There are still other exemptions that apply to other unique scenarios such as California public-use airports and community land trusts.

The new amendments also identify activities that may be conducted prior to the obligation to issue a notice of availability under the SLA such as issuing a request for proposals in certain instances. Most scenarios are tied to specific exemptions and again require careful review.

Finally, a penalty for noncompliance with the SLA will now be based on the final sales price of the land or the fair market value of the land at the time of the sale, whichever is greater.

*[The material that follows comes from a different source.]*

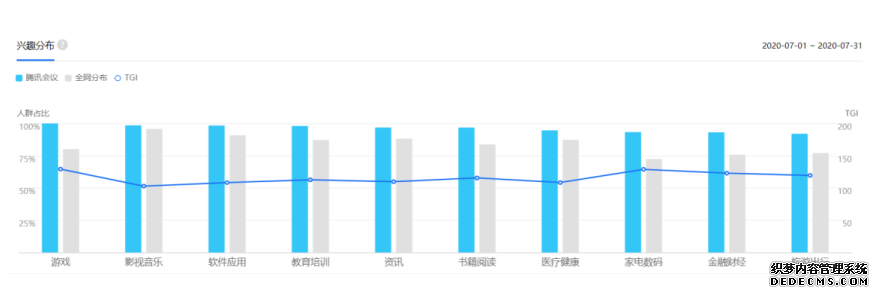 腾讯会议：疫情之下协作办公新形态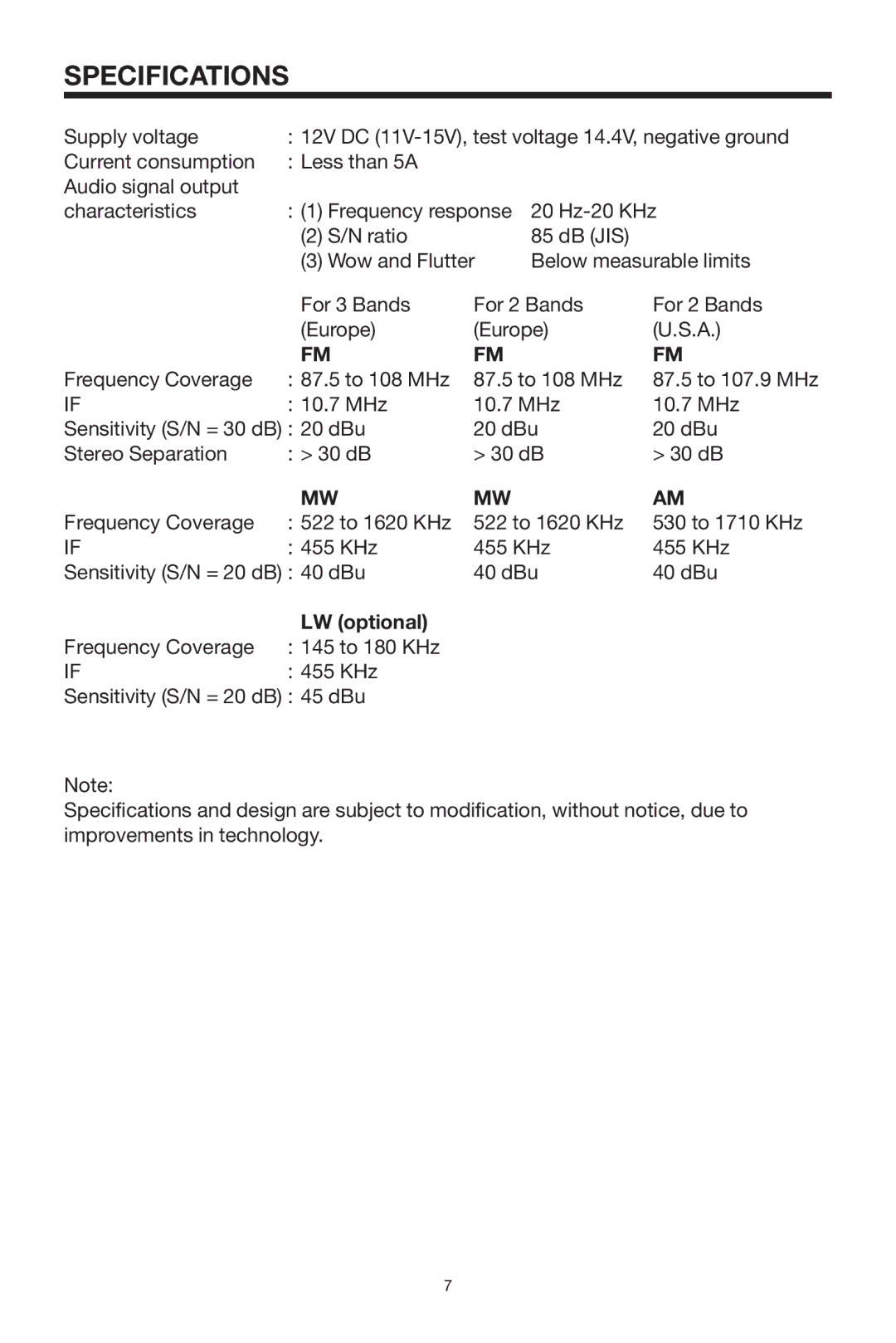 PYLE Audio PLCD24 instruction manual Specifications, LW optional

Since land may be sold at less than fair market value, this provision tying the penalty to fair market value could increase the penalty amount in the event of a violation.

While the intent of these amendments is to reduce bureaucratic delays, a learning curve is anticipated to digest and implement the new provisions.

AB 821 (Assembly Member Grayson) – Local Agency Obligation to Resolve General Plan and Zoning Conflicts. AB 821 provides that if a local agency receives a development application for a project that is consistent with the general plan but not the zoning, the agency must either: 1) amend the zoning ordinance within 180 days from the receipt of the development application or 2) process the application based on the general plan standards and ignore inconsistent zoning standards. AB 821 further provides a legal remedy for challenging an agency that does not comply. This provision does not apply to housing projects subject to the HAA, since the HAA already provides a mechanism requiring approval of a project that is consistent with the general plan that is inconsistent with the zoning. This law is intended to address the numerous instances in which agencies adopt general plan updates but corresponding zoning amendments never materialize.

SB 272 (Sen. John Laird) – Sea Level Rise Planning in Coastal Commission and Bay Conservation and Development Commission (BCDC). SB 272 requires sea-level rise planning as part of local coastal programs in the coastal zone and areas covered by the BCDC. By 2024, the California Coastal Commission (CCC) and BCDC are required to establish guidelines for the preparation of sea level rise plans under their respective jurisdictions, and all local governments must then prepare plans by 2034. Implementation of SB 272 remains expressly contingent on an appropriation by the Legislature in the annual budget or another statute.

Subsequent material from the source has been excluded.